- Supreme Court of the United States

Argued January 9, 2024 Decided April 12, 2024
- Full case name: George Sheetz v. County of El Dorado, California
- Docket no.: 22-1074
- Argument: Oral argument

Case history
- Prior: 84 Cal.App.5th 394 (Cal. Ct. App. 2022)

Questions presented
- Is a monetary exaction imposed by a local government as a condition for a building permit exempt from the “essential nexus” and “rough proportionality” requirements established in Nollan v. Cal. Coastal Comm'n and Dolan v. City of Tigard, simply because the exaction is authorized by local legislation?

Holding
- The Takings Clause does not distinguish between legislative and administrative land-use permit conditions.

Court membership
- Chief Justice John Roberts Associate Justices Clarence Thomas · Samuel Alito Sonia Sotomayor · Elena Kagan Neil Gorsuch · Brett Kavanaugh Amy Coney Barrett · Ketanji Brown Jackson

Case opinions
- Majority: Barrett, joined by unanimous
- Concurrence: Sotomayor, joined by Jackson
- Concurrence: Gorsuch
- Concurrence: Kavanaugh, joined by Kagan, Jackson

Laws applied
- U.S. Const. amend. V

= Sheetz v. County of El Dorado =

Sheetz v. County of El Dorado, is a United States Supreme Court case regarding permit exactions under the Takings Clause. The Supreme Court held, in a unanimous opinion by Justice Amy Coney Barrett, that fees for land-use permits must be closely related and roughly proportional to the effects of the land use – the test established by Nollan v. California Coastal Commission and Dolan v. City of Tigard – even if the fees were established by legislation rather than through an individualized assessment.

==Background and facts==
In 2016, George Sheetz, a property owner in Placerville, California, applied for a permit from El Dorado County to construct a manufactured single-family home on a lot. The county conditioned approval of the permit on a "traffic mitigation fee" of $23,420. The fee was authorized by legislation and would be utilized to "fund transportation improvements needed to accommodate growth anticipated by the county's general plan". The fee was dependent on the location of the property and the type of construction.

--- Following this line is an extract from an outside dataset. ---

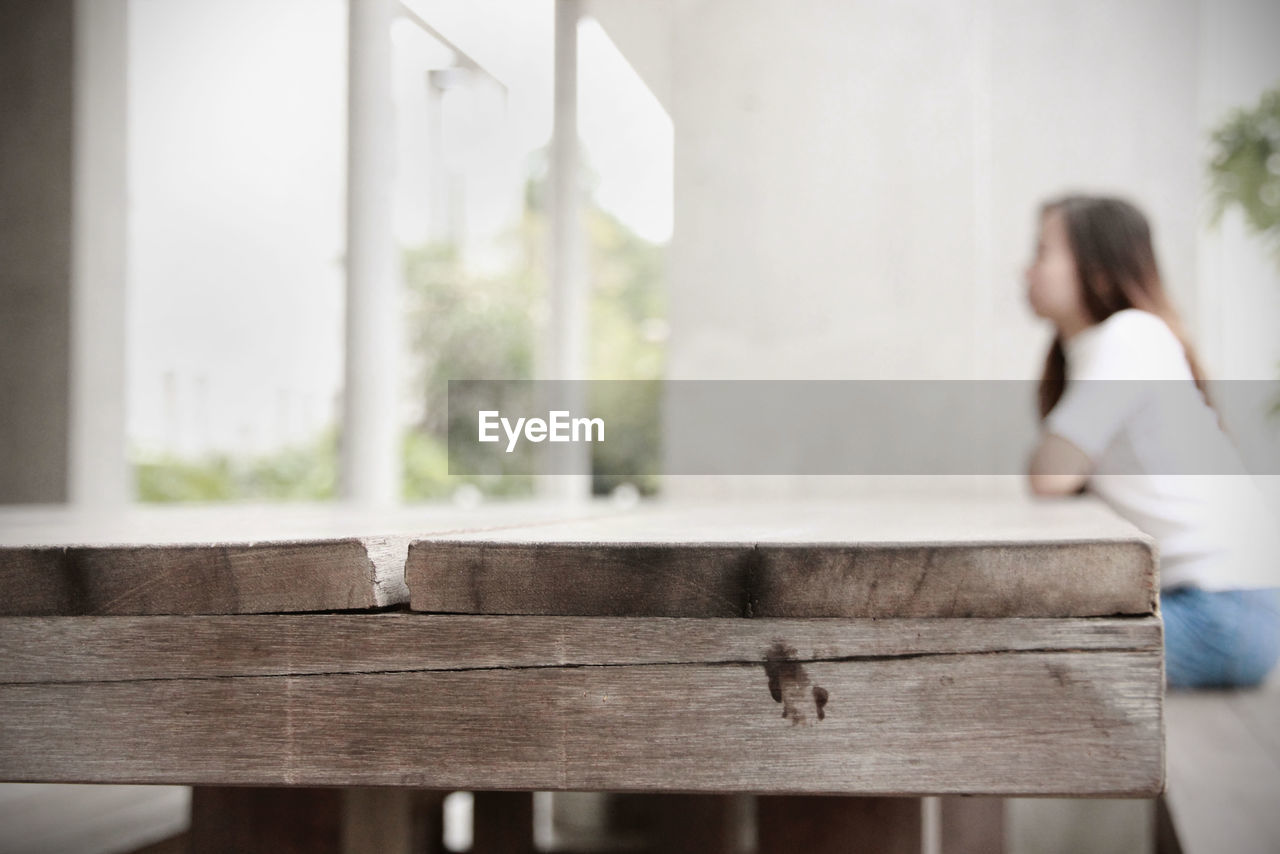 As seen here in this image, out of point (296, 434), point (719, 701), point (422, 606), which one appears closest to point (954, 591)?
point (719, 701)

After paying the fee and obtaining the permit, Sheetz challenged the fee in a trial court, arguing that it violated the Takings Clause of the Fifth Amendment, barring governments from taking private property for public use without just compensation. He argued that the fee failed to adhere to the higher standards of scrutiny set by the Nollan/Dolan test for exactions. Under Nollan/Dolan, if the government intends to condition land-use permits on owners giving up property, it must show that the conditions are closely related and roughly proportional to the effects of the proposed land use.

The California Court of Appeal reaffirmed the trial court's holding and rejected application of the Nollan/Dolan test, ruling that the standard would apply only to adjudicative exactions, not legislatively enacted exactions imposed upon "a broad class of property owners." The California Supreme Court then denied review.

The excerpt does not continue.